Problem description
Of the records that follow, copy only the lines from the line containing "Slick Console - Ausziehbare" to the line containing "Lady Canopy Skjorta", both included, exactly as written.

Start of Data for processing

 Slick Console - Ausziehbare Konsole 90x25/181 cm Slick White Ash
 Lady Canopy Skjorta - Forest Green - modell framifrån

End of Data for processing
Start of Data for processing

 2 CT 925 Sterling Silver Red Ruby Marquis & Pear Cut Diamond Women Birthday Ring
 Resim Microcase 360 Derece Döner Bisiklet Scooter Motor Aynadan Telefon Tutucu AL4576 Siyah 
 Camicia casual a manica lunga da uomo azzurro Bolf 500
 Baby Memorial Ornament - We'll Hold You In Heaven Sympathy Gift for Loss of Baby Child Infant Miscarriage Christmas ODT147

End of Data for processing

Answer for this exercise
 Slick Console - Ausziehbare Konsole 90x25/181 cm Slick White Ash
 Lady Canopy Skjorta - Forest Green - modell framifrån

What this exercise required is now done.